Another key motivation for American investors is the fact that European football often offers better terms than investing in major American sports – even without taking the current overall devaluation of football clubs due to the pandemic into consideration. For example, a 10% stake in MLS side Los Angeles FC was purchased by multiple minor investors for USD 70m in March, valuing the team at USD 700m. Likewise, Utah Jazz of the National Basketball Association (NBA) were sold for USD 1.66b in October. On the other hand, Newcastle United FC, a historic club with a large fanbase and access to lucrative Premier League revenues has been on the market for GBP 300m, according to media reports. In addition, in American franchise-based systems investors inevitably need to purchase a stake in the league to become owners of a club. Although the lack of promotion-relegation and central cost-controlling mechanisms (e.g. roster rules) create a stable investment environment, buyers need to pay a premium price for the benefits. Seeking greater ownership control over the owned entities or higher returns on investment, many US investors find acquiring a European football club a better fit for their investment strategies.
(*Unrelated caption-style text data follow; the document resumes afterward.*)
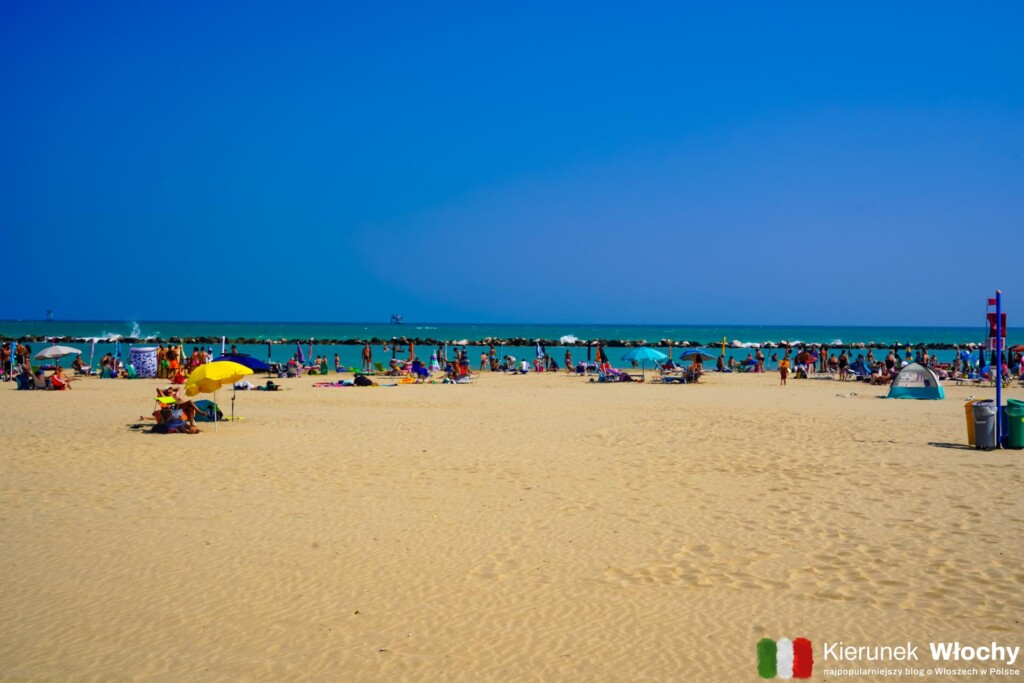 jedna z bezpłatnych plaż w samym centrum Marina di Vasto, Abruzja, Włochy (fot. Łukasz Ropczyński, kierunekwlochy.pl)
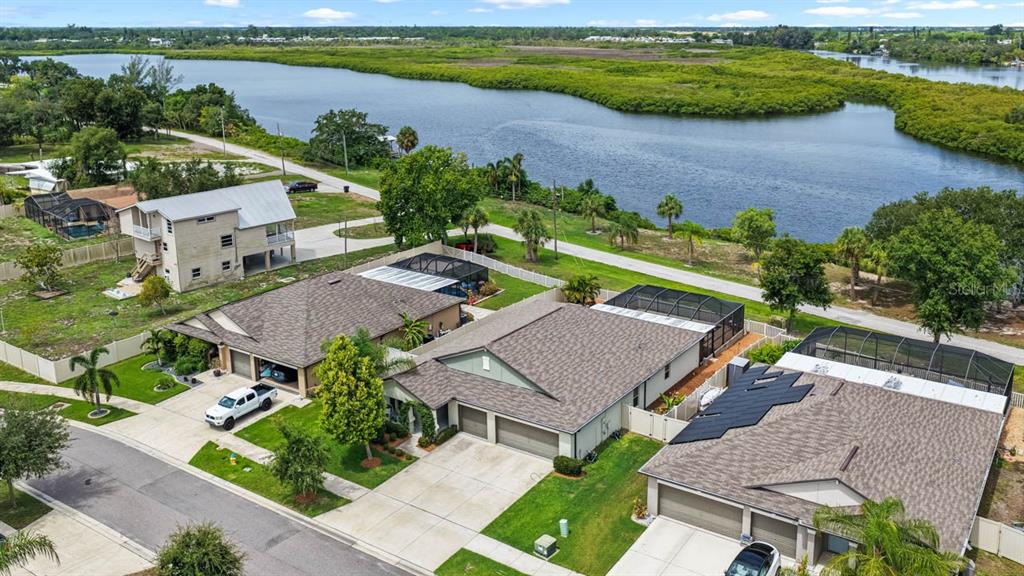 809 Timeless Moss Drive Ruskin, FL 33570 - Photo 53 of 76
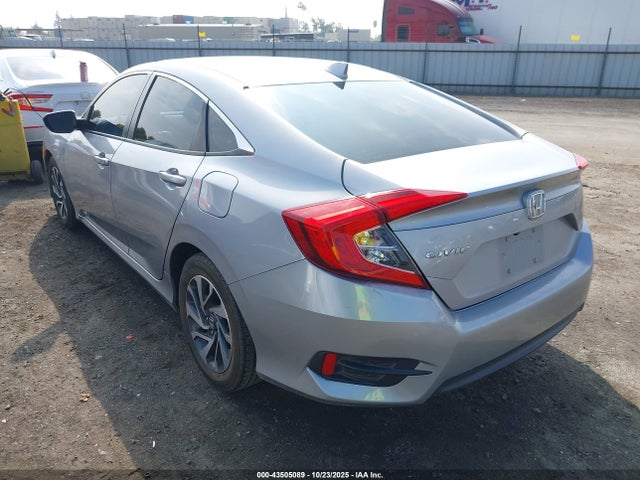 Honda CIVIC EX 2018 2HGFC2F7XJH515278 Image 3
Changes and differences in regulation have also contributed to the increase of US financing to the sector. The increased sustainability and more sophisticated financial regulations, such as the UEFA FFP, have aligned the European football leagues more closely to the less volatile, and more business-driven, American sports leagues. The possibility of player trading for profit also attracts investors, since this is not possible intra-league in major American sports, due to the single-entity model or internal rules.

Success of the group strategy, which is very similar to the multiple franchise model, also provides a source of motivation for further US investments. Last year, US-based private equity giant Silver Lake acquired a 10% stake in City Football Group (CFG), owner of Manchester City FC and a further nine football clubs globally. The success of Austrian energy drink producer Red Bull, who own MLS-side New York Red Bulls (along with further involvements in clubs in Austria, Germany, and Brazil), also demonstrates that such an infrastructure would allow the investor to reap the benefits of operational efficiencies, increased brand appeal and revenues.

According to Shawn Quill, National Sports Industry Leader at KPMG in the US, American investors are looking at European football as a market with long-term profit-generating opportunities.
Besides having solid financial background, US investors have extensive experience in the business of sports, and they possess the strategy and know-how to make the most of owning football entities. They view these investments as an opportunity to both diversify their sports ownership portfolio and to cross-promote the franchises under their ownership umbrella in a new market,” he explains.